Siamo nel 1990 e gli apparati investigativi devono purtroppo ammettere di aver fallito. Il capo della sezione Omicidi, Victor Burakov, non si rassegna e decide di prendere un’iniziativa singolare. Va in televisione per provare a stanare il serial killer; insieme a lui c’è lo psichiatra Aleksander Bukhanovsky che da tempo collabora con gli inquirenti e che è oramai uscito dall’elenco dei sospettati. All’uomo che non ha ancora un volto e un nome, Bukhanovsky lancia un appello: «Mi cerchi, si metta in contatto con me, posso aiutarla». La mano tesa dello psichiatra è un tentativo lodevole che tuttavia cade nel vuoto.
Fortunatamente l’assassino si appresta ad andare incontro alla sua fine. Agli inizi di novembre un tipo stravagante viene notato in una stazione ferroviaria di Rostov, ha una cartella sotto il braccio, l’aria strana di chi ha visto o fatto qualcosa che non doveva vedere o sentire. Un poliziotto lo blocca, gli controlla i documenti e si rende conto che ha di fronte uno dei tanti sospettati di essere il mostro. All’agente viene ordinato di lasciarlo andare. Quell’uomo è Andrej Čikatilo, l’autore del massacro.
Stavolta la polizia non se lo lascia scappare, perché comincia a seguirlo passo dopo passo, non lo molla nemmeno per un secondo. E così si scopre che si reca sui luoghi dove sono stati commessi gli omicidi, e che tenta di abbordare dei minorenni. Gli inquirenti si convincono che è lui il serial killer che stanno cercando da ventidue anni, e il 20 novembre del 1990 lo arrestano mentre sta passeggiando per le strade della città. Quando si vede circondato e poi ammanettato sul suo volto non compare nemmeno una smorfia. Resta freddo e compassato pure davanti al giudice che lo accusa di 36 omicidi.
Tutti si aspettano che un soggetto così brutale neghi di aver commesso le nefandezze che gli vengono contestate. Stranamente, però, invece di dichiararsi innocente, Čikatilo si dimostra collaborativo al punto che confessa altri 19 delitti dei quali non è ancora sospettato. A Rostov e dintorni, intanto, tirano un sospiro di sollievo: per sedici anni la gente ha dovuto convivere con l’incubo di incrociare “il mostro”, ora si può tornare a circolare serenamente per le strade.
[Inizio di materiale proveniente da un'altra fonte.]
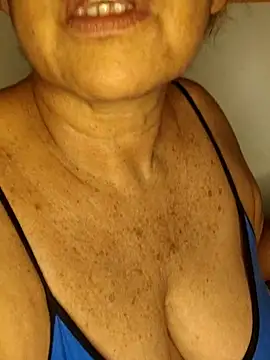 Snapshot of Kasandra_Ho chatting on March 18, 1:31 am Kasandra Ho online show from March 18, 1:31 am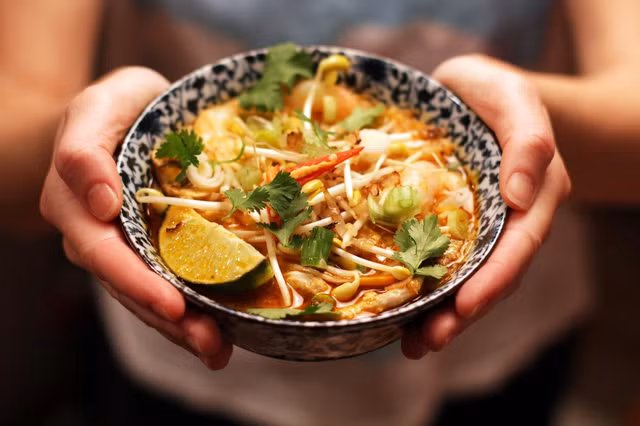 CNN bình chọn Cao lầu, Bún riêu vào top món ngon nhất Châu Á - Hình 8 CNN binh chon Cao lau, Bun rieu vao top mon ngon nhat Chau A-Hinh-8
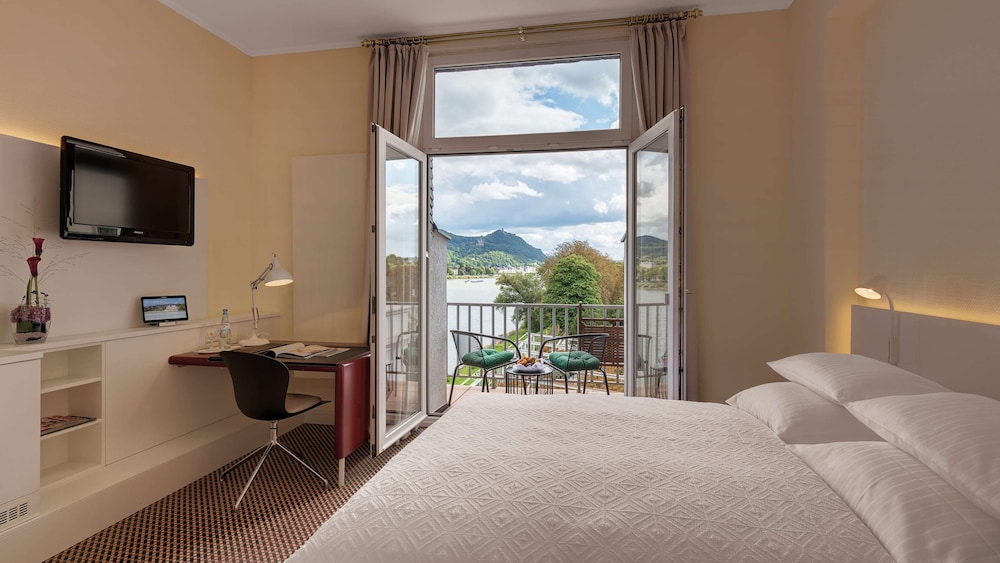 Superior Room, 1 Double Bed, Balcony, River View - Photo 4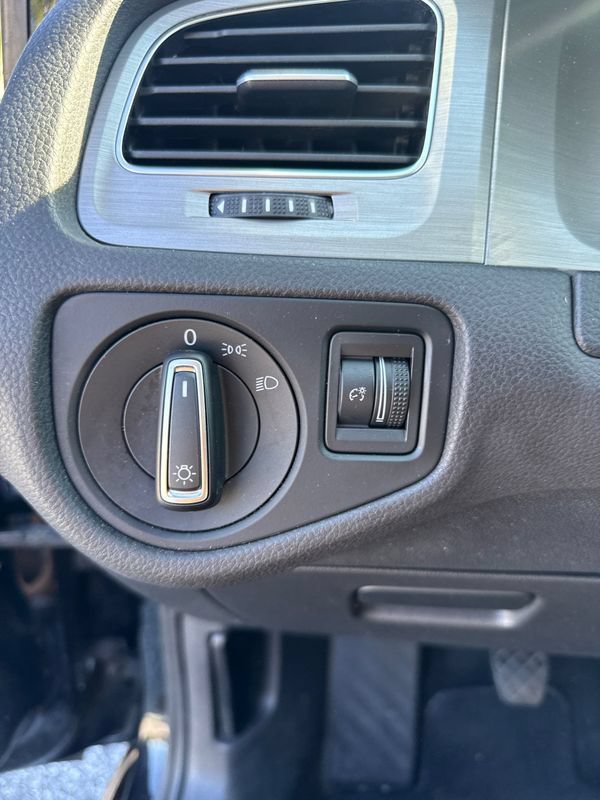 Used 2015 Volkswagen Golf Launch Edition FWD image 18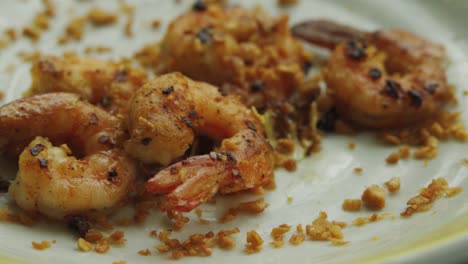 plate of shrimps with fried garlic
Al processo è possibile guardare negli occhi Čikatilo e constatare la presenza invadente delle turbe che lo hanno sempre accompagnato. Chiuso nel gabbiotto, alterna fasi di grande lucidità a lampi di assoluta follia. Quando è lucido ammette le sue colpe:
Diventavo come un lupo impazzito e braccato. In quel bosco ero come un lupo e tutti mi davate la caccia. […] Dopo i delitti mi rilassavo psichicamente e fisicamente. Il fatto è che ho un carattere tranquillo e in un certo senso umile e dimesso, si proprio umile e dimesso. Mi metto a piangere, qualche volta perdo conoscenza, solo il contatto con la gente mi fa rivenire. So che mi annienterete ma io so di essere un errore della natura. Faccio schifo. Sì, mi faccio schifo. […] Perché infierivo sulle vittime? Non lo so, era una mia necessità perversa. Un bisogno animalesco, un bisogno sessuale. […] Perché toglievo loro la vita? Non lo so perché lo facevo.
(www.youtube.com/watch?v=HQuN04LNVWI&t=718s)
Il processo è uno strazio infinito per i familiari delle vittime. La deposizione dell’assassino è accompagnata da lacrime e urla, qualcuno sviene. Con 55 terrificanti omicidi sul groppone, il destino del “mostro di Rostov” è segnato. Condannato a morte, il 14 febbraio del 1994 viene giustiziato con un colpo di pistola alla nuca.